Postgresql – A ‘deeper’ PostgreSQL autovacuum

postgresqlpostgresql-8.3

We have a PostgreSQL 8.3.7 database suffering severe bloat after an algorithmic change. Unfortunately upgrading isn't an option at this time.

For a particular group of partitioned count roll-up tables, we used to update them by selecting then either inserting for new counts or updating existing counts. To avoid network saturation we switched instead to updating, checking for failed updates and then inserting.

I've read this is a bad scenario for PostgreSQL (at least circa 8.3.7) where the dead tuples from the updates are in the middle of the table rather than the end (as previously) and so are not being reclaimed by the autovacuum which works from the back of the table.

It seems to me that autovacuum_vacuum_cost_limit is the most likely setting I should change. Currently it is set to the default of 200 – perhaps I should start at 2,000 and go up from there?
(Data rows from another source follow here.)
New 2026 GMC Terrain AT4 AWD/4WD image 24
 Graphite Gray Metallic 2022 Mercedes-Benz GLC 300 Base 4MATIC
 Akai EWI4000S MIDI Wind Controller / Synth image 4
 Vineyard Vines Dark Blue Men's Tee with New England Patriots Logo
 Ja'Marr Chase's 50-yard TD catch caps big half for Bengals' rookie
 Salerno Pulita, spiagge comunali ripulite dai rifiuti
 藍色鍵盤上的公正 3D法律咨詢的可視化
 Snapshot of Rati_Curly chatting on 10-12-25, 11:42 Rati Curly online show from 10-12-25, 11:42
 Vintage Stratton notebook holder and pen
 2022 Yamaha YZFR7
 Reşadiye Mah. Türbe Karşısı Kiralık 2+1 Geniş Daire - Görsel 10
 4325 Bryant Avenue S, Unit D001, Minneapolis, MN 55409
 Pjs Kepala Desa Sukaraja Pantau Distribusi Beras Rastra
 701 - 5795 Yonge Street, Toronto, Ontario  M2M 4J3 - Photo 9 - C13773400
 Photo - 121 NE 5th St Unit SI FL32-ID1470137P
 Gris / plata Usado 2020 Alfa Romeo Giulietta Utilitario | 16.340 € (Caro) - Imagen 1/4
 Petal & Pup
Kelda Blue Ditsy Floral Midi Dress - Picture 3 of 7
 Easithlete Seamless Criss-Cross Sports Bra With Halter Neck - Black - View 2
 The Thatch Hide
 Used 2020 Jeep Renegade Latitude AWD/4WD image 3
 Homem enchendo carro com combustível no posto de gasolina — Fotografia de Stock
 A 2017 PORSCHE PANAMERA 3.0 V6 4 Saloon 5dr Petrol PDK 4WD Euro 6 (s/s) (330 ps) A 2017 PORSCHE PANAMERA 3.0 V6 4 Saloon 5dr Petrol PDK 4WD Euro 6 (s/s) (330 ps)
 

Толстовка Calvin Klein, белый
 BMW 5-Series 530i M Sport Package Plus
I have a small window to make production changes to use trial and error, and no test database of equivalent size.

Best Answer

You have a couple options. The basic thing is that dead tuples in the middle of the table, as you have guessed are not reclaimed for the filesystem with autovacuum. Rather they are marked as free so that future inserts in the same table can use that space. The space isn't bloated permanently. It is available for re-use within the same table regarding future inserts or updates.

If you want to reclaim that space for the filesystem you have two options:

1) vacuum full. This locks things. It is usually not ideal but sometimes it is the best option. Also it takes a while.

2) cluster on an index. This rewrites the table into a new file. It requires a lot more disk space, but is also a lot faster. It does fully return free space back to the filesystem at the end however.

Both these require table locks. They are not concurrent safe. You don't want autovacuum deciding that now is a good time to lock tables for you so this is just the way it is.

Edit: This wasn't obvious from the question initially but from the comment reply it looks like the problem here is that the free space map settings may be insufficient. These settings were removed in 9.1 iirc but basically set the size of the free space map per table. What happens in this case is that the free space map is insufficient to hold all dead tuples. In this case tuples get deleted but the space can't be re-used.

When this happens bloat is the result and vacuum full or cluster can be necessary to recover space. As an intermediate solution barring these, you can significantly increase your free space map settings and re-run vacuum (regular, not full) to update the fsm. This won't recover space, but it will make more of the space available for re-use.